---
description: Generate the 1.0 benchmark report for markstream-vue with environment disclosure and playground performance metrics.
---

# 1.0 Benchmark Report

Run the public benchmark report before publishing `markstream-vue@1.0`:

```bash
pnpm benchmark:1.0
```

The command builds the playground, serves it with `vite preview`, then runs the playground checks that are already used for performance regression coverage:

- Diagnostic Studio baseline, thinking, diff, and stress samples in MarkdownCodeBlock and Monaco modes using `/test?benchmark=1`, which disables the version sandbox iframe and annotation layer so frame metrics and renderer DOM metrics track the renderer surface.
- Main playground reverse-flex chat initial load, full-scroll pass, and streaming replay using `/?benchmark=1`.
- Real-browser Web Vitals probes for a million-character restore and scripted scroll path, plus a code-block scroll-into-Monaco path.

It writes:

```txt
benchmark/
  results/
    diagnostic-baseline.json
    ...
  1.0.0.chrome-linux-x64.json
  1.0.0.chrome-linux-x64.md
  latest-summary.md
```

The Markdown summary includes the release package version, git SHA, workspace package versions, Node, OS, CPU, browser, default viewport, row-specific viewport, server mode, LCP, CLS, settle time, frame sample count, frame p95 `requestAnimationFrame` interval, full-scroll heavy-settle frame p95, max long task, page DOM node count, renderer DOM node count, visible fallback count, heavy-block readiness, scroll drift, Web Vitals restore/scroll phase metrics, and best-effort Chrome-only heap after renderer unmount plus GC when the browser exposes that value.

Initial rows report heavy-block readiness only for blocks visible in the phase viewport, and show N/A when that viewport contains no heavy blocks. Some scenarios use viewport overrides; use the Results table viewport column when citing LCP, CLS, visible readiness, or DOM-node counts. Full-scroll rows report all heavy blocks after the scroll pass. Page DOM nodes are recorded for diagnostics; renderer DOM nodes are scoped to `.preview-surface` or `.chatbot-messages` and are the DOM budget used by the release gate. The report also records parse commits, smooth-stream coalesced parse updates, and markdown-it stream parser full/append/tail/cache counters so stream parser regressions are visible in benchmark output. Frame p95 is recorded for every phase; on full-scroll rows, `scrollFrameP95Ms` covers only the active scroll loop. `heavySettleFrameP95Ms` records post-scroll heavy-block settle separately. The hard release gate covers fallback counts, heavy-block readiness, DOM budget, CLS, long tasks, settle time, and Web Vitals frame p95/max plus sample-density budgets.

When a scenario fails, the runner continues through the remaining scenarios, writes the full report with passed and failed entries, then exits with a non-zero status.

For script debugging only, set `MARKSTREAM_BENCHMARK_SKIP_BUILD=1` to reuse an existing playground build. Do not use that shortcut for release evidence unless the build artifact was just produced. Set `MARKSTREAM_BENCHMARK_SAMPLES=baseline,diff` only when narrowing a local investigation.

## CI workflow

The `1.0 Benchmark` GitHub Actions workflow runs on a nightly schedule and can be started manually. It runs the same Web Vitals release-gate mode (`MARKSTREAM_RELEASE_GATE=1`) used by `release:gate:1.0`, so budget warnings fail the workflow. It uploads the generated `benchmark/` directory as an artifact.
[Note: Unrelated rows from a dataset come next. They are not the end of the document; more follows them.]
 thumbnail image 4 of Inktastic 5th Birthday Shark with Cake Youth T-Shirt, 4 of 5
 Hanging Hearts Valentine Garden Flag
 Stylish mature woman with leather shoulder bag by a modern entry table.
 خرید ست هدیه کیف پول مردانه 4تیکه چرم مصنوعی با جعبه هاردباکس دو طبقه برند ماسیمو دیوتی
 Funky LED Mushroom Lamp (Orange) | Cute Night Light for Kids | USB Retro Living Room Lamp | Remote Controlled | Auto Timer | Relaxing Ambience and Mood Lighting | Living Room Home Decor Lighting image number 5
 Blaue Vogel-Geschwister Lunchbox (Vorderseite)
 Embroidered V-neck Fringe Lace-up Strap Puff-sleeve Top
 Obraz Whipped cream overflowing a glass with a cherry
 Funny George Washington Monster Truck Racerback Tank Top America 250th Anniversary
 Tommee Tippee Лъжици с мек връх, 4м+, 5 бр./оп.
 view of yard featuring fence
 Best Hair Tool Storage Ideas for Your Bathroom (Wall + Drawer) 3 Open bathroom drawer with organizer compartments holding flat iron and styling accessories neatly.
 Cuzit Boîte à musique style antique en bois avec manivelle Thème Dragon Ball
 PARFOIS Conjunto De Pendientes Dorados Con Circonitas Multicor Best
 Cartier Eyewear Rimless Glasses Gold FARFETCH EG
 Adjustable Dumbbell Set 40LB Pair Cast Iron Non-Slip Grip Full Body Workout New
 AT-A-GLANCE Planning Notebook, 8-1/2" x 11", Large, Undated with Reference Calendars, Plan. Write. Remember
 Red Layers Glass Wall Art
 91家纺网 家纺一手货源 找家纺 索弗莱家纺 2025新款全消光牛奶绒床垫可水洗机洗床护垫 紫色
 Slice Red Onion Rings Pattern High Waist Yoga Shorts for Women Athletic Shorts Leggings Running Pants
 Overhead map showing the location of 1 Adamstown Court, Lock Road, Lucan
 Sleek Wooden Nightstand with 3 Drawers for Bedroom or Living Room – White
Use workflow artifacts for release notes. Local generated reports are snapshots for their disclosed OS/CPU/browser environment; `benchmark/latest-summary.md` is a convenience copy of the local report, not the canonical CI latest. These numbers are release regression metrics, not universal performance guarantees. Do not claim speedups that are not present in a generated report.

## Release gate

The 1.0 release gate runs:

```bash
pnpm run release:gate:1.0
```

That command executes `release:verify`, `docs:build:ci`, `size:check`, and the benchmark report. The release command uses `.tmp/benchmark` for the generated report so publishing does not depend on tracked benchmark artifacts.

Before publishing, run the full package dry run:

```bash
pnpm run release:dry-run:1.0
```

That repeats the release gate, then dry-runs the parser, core, and Vue package publish path.